# Gaussian Mixture Models: in-class demonstration

In [None]:
import numpy as np
import matplotlib.pyplot as plt

from sklearn.cluster import KMeans
from sklearn.datasets import make_blobs
from sklearn.mixture import GaussianMixture

## Generate toy data
We are going to generate a toy dataset to work with using sklearn's `make_blobs` function.

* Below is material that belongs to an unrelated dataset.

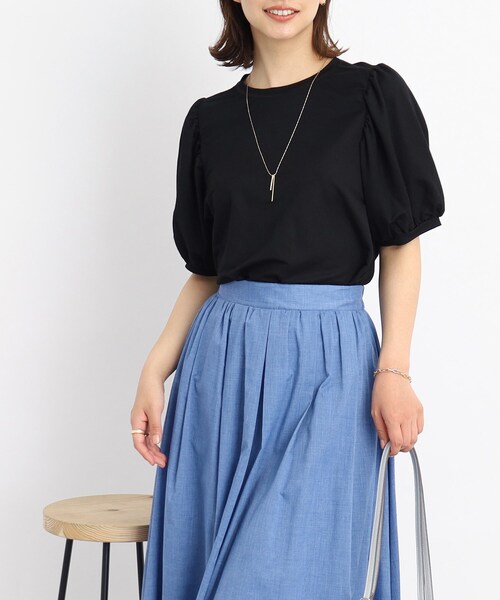 DRESKIP(ドレスキップ)の「◆【接触冷感】大人なゆるっと感 パワショル トップス(Tシャツ/カットソー・レディース・ライトブルー/ブラック/ピンク系/ライトベージュ・02/03/04)」の2枚目の写真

We then add some variance the data. 

In [None]:
X, y = make_blobs(n_samples=1500, random_state=163, centers=3)

# this "stretches" the data
transformation = [[0, .50], [.4, 0.85]]
X = np.dot(X, transformation)

# plot the data
plt.scatter(X[:, 0], X[:, 1])

## Attempt k-means clustering

In [None]:
y_pred = KMeans(n_clusters=3, random_state=160).fit_predict(X)

In [None]:
plt.subplot()
plt.scatter(X[:, 0], X[:, 1], c=y_pred)

## Cluster using a GMM

In [None]:
gmm = GaussianMixture(n_components=3).fit(X)
labels = gmm.predict(X)

In [None]:
plt.scatter(X[:, 0], X[:, 1], c=labels, s=40, cmap='viridis');

## Plot AIC and BIC
Let's plot the AIC and BIC to determine whether we chose the right number of clusters.

In [None]:
n_components = np.arange(1, 10)
models = [GaussianMixture(n, covariance_type='full', random_state=0).fit(X)
          for n in n_components]

plt.plot(n_components, [m.bic(X) for m in models], label='BIC')
plt.plot(n_components, [m.aic(X) for m in models], label='AIC')
plt.legend(loc='best')
plt.xlabel('n_components');